Maintain a thirty-day supply of every critical consumable. If the filter is replaced monthly, order the next filter when the current one is two weeks old. If the insurance or supplier allows a ninety-day supply, request it. The buffer is the difference between a backorder that is an inconvenience and a backorder that is a health event.

Know the generic or alternative for every device-specific supply. The brand-name filter for Lucille’s specific concentrator model may be backordered. An aftermarket filter that fits the same housing may not be. Asking the medical supply company about alternatives before a shortage occurs is easier than asking during one. Asking the prescribing physician to document the alternative in the prescription is also easier before the emergency.

Keep a written record of every device’s exact model number, manufacturer, and supply specifications. When calling a supplier during a shortage, having this information at hand prevents the delays that come from looking up what machine she has. A card in the kitchen drawer with the model numbers is enough.
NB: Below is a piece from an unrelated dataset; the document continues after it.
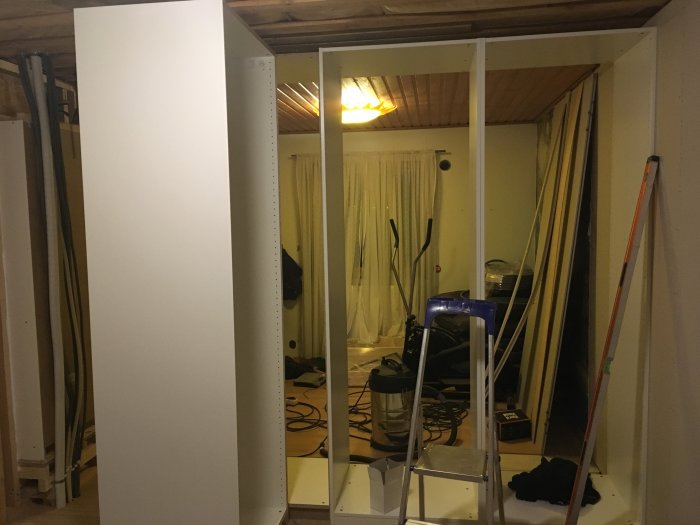 Nybyggda vita garderober med öppna dörrar och rördragning i bakgrunden.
Register for backorder notification with the primary supplier. Most medical supply companies offer email or text notification when a backordered item becomes available. This requires asking.

Check the FDA’s drug shortage database at fda.gov/drugs/drug-shortages for medication-related supply problems. For medical device supplies, the FDA does not maintain a comparable consumer-facing database, but a physician’s office or medical supply company can often identify alternative sources that the patient-facing ordering system does not display.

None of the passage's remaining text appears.